Le sujet est cependant l'inflation structurelle. Dans une phase de rebond et de normalisation de la demande, elle ne semble pas avoir un gros potentiel. En témoignent les anticipations du consensus pour 2022 : 2,2 % aux États-Unis (ce qui entrerait dans les objectifs de la Réserve Fédérale), 1,3% dans la zone euro.
Pour autant, au-delà de l'argent ou de l'or, c'est l'ensemble des métaux ferreux et non ferreux, des terres rares, des produits agricoles et des matières premières énergétiques qui a monté et tiennent des cours en nette hausse. Un premier facteur de soutien est l'effet « classe d'actif » et la recherche de placements alternatifs dans un environnement de liquidités surabondantes.
Mais cet effet – celui du Bitcoin - n'est pas le seul. Le cycle économique de rebond décalé ou retardé, mais pas remis en cause joue sur les anticipations. Les poussées de prix de court terme sont prolongées par les marchés en raison de sous-investissements de production qui se sont amplifiés avec l'épidémie.
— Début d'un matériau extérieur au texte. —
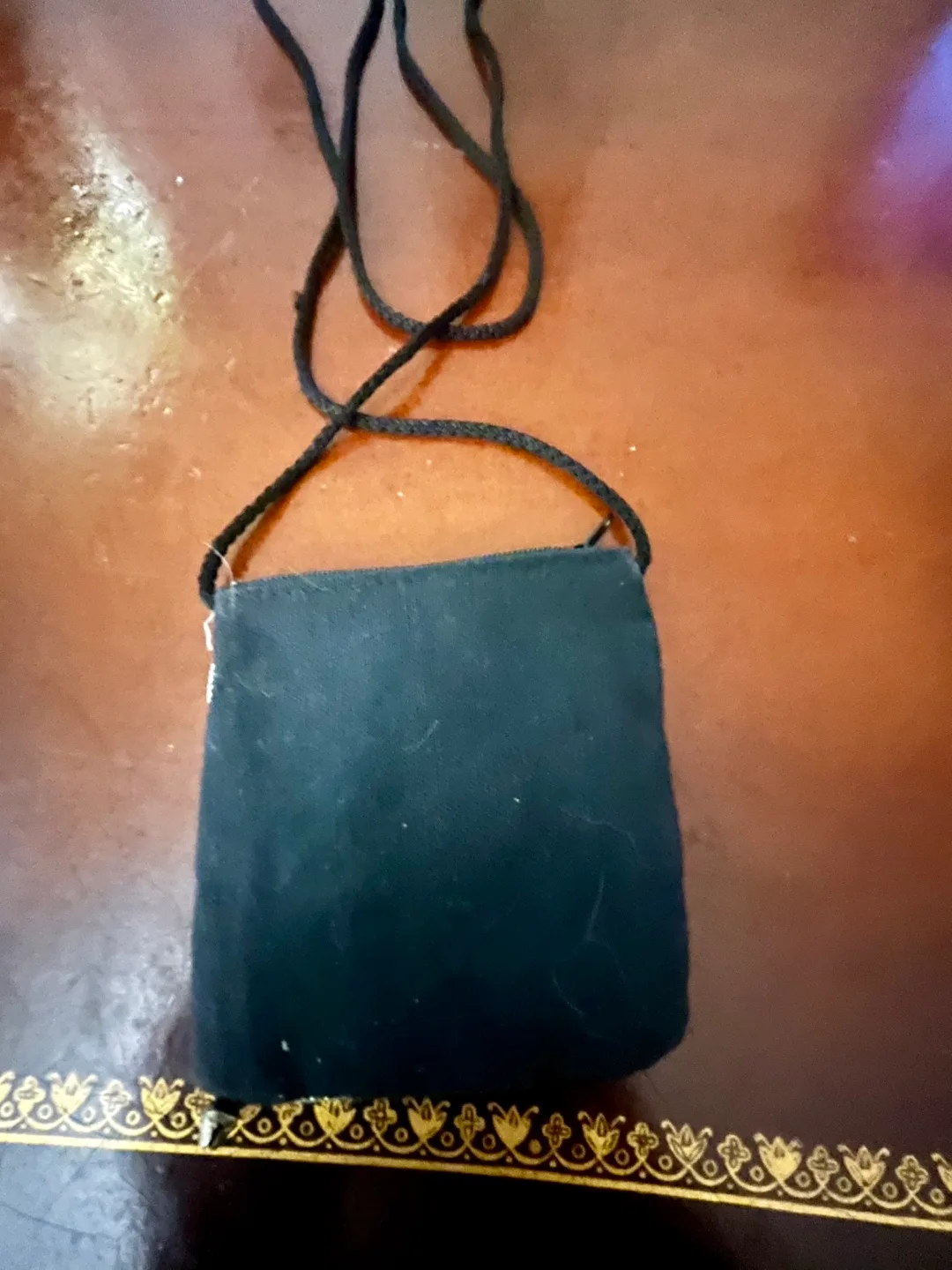 Elephant Sequin Beaded Shoulder Bag image indicator(3)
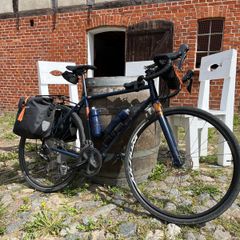 Ribble CGR 725 Steel Road bike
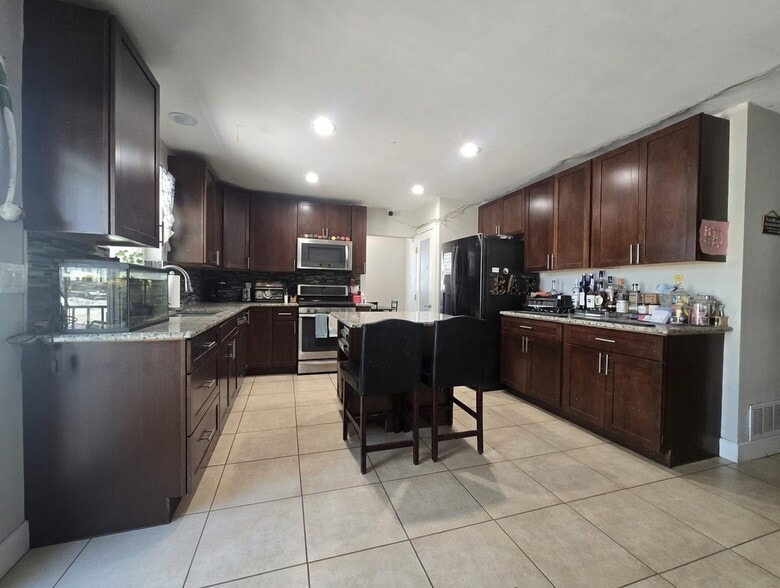 Building Photo - 13545 Homestead Rd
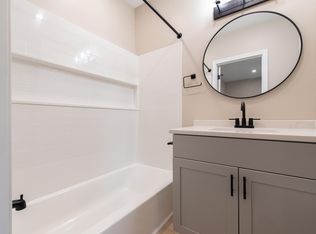 18 Fairlawn Ave FLOOR 1, Pawtucket, RI 02860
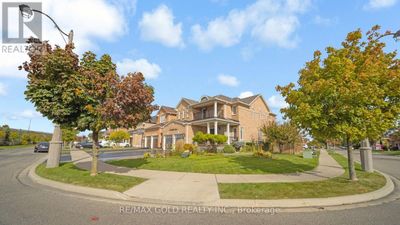 57 Crystal Glen Cres, House other with 5 bedrooms, 4 bathrooms and 6 parking in Brampton ON | Image 2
Les matières premières, et en premier lieu le pétrole, ont toutes les raisons de rester sur la pente haussière des cours dans une conjoncture économique de progression des industries manufacturières et de reprise de la mobilité.
Les investisseurs ont déjà pris la mesure de ce changement de donne sur ces marchés particuliers, en dehors même d'une inflation des biens de consommation ou des salaires. Au 4ème trimestre 2020, la meilleure performance des actions est revenue au secteur de l'énergie (+28,7 % au niveau du MSCI Monde) et celui des matériaux (+ 16 %) entre dans le quinté. C'est mieux que les technologiques (+ 13 % au niveau Monde) qui, il est vrai, avaient pris de l'avance aux trois premiers trimestres.
Le pari n'est pas – ou n'est pas encore- celui de la reflation. On notera même que les points morts d'inflation sur les marchés financiers sont plus élevés pour les deux ans qui viennent que ceux à 10 ans. Cette situation atypique montre bien l'attente de dérive des prix focalisée sur les matières premières.
La conjoncture est là en tout état de cause et, derrière le pétrole, peut-être un peu paradoxalement dans une conjoncture d'investissements climatiques, les métaux, et les matériaux vont bénéficier d'un environnement favorable. Ils vont profiter de la demande chinoise, d'une reprise mondiale cyclique, des programmes publics d'investissement ou d'aide à l’investissement, du dollar faible. Et comme pour les matières premières agricoles, de goulots d'étranglement favorables aux prix.
Derrière le symbole de l'argent métal, c'est l'ensemble des matières premières comme classe d'actif ou secteurs d'investissement qui semble avoir seulement commencé son « rerating ».